Philip Lasser was born in New York City, August 4, 1963. At the age of five, Philip Lasser began piano lessons and composing songs for his mother’s voice. At sixteen he entered Nadia Boulanger’s famed Ecole d’Arts Americaines in Fontainebleau, France and his musical ear was forever changed. There he also met the legendary pianist Gaby Casadesus with whom he formed a long musical relationship, first as her student and then as co-author of Ma Technique Quotidienne, published by Editions Max Eschig. Following studies at Harvard College where he graduated summa cum laude, Lasser lived in Paris from 1985 – 1988, a pivotal period for his musical development, working with Boulanger’s closest colleague and disciple, Narcis Bonet. In 1988 Lasser entered Columbia University’s masters program in Composition, and undertook intensive studies in counterpoint with René Leibowitz’s disciple, Jacques-Louis Monod, thus forging a seamless link between the French world of musical color and the great German tradition of linear contrapuntal development. Two years later Lasser entered the DMA program at The Juilliard School where he studied with David Diamond.

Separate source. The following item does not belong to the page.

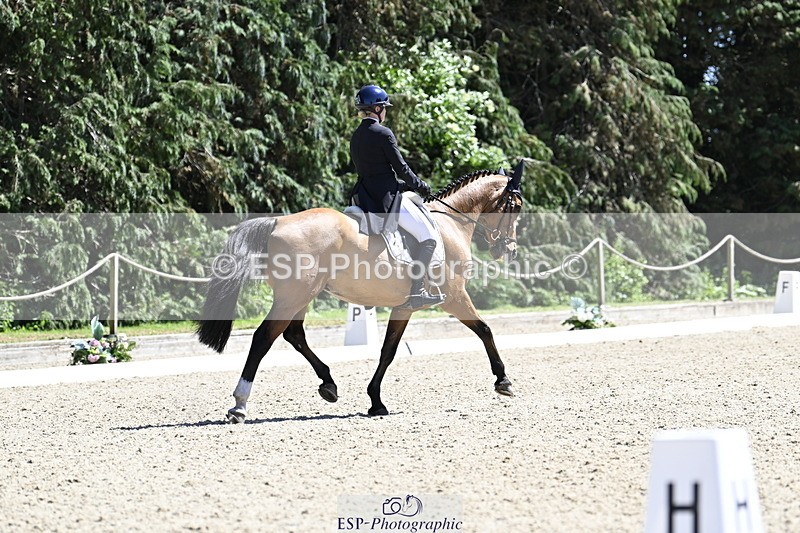 250522A-144100-04450 - D-413-Althea.Bleekman-GRANNCORD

Philip Lasser’s music has been performed by the Seattle Symphony, Gerard Schwarz and The New York Chamber Symphony and by such artists as Elizabeth Futral, Simone Dinnerstein, Margo Garrett, Lucy Shelton, Cho-Liang Lin, Zuill Bailey, Brian Zeger, Jean-Frédéric Neuburger and Sasha Cooke. Philip Lasser’ s works have been broadcast on network television as well as featured on the classical radio station of the New York Times, WQXR Reflections From the Keyboard with host David Dubal and Robert Sherman’s The Listening Room. Dr. Lasser’ s works have also been broadcast on NPR, and XFM Hong Kong radio RTHK.

Philip Lasser’s works are published in New York by Rassel Editions and by C.F. Peters Corp as well as in Paris by Editions Max Eschig (BMG International). Lasser’s works can be heard on the New World Records, Crystal Records and BMG RCA/Red Seal labels and on the Telarc label with performer Simone Dinnerstein.

Lasser’s recent book, The Spiraling Tapestry: An Inquiry into the Contrapuntal Fabric of Music offers a pioneering view on Bach’s compositional world.

Philip Lasser directs the European American Musical Alliance Summer Music Programs. A school dedicated to training young composers, chamber musicians and conductors in the tradition of legendary teacher Nadia Boulanger. The programs are held annually at the historic Ecole Normale de Musique de Paris, France.

Philip Lasser is a distinguished member of the faculty of The Juilliard School since 1994.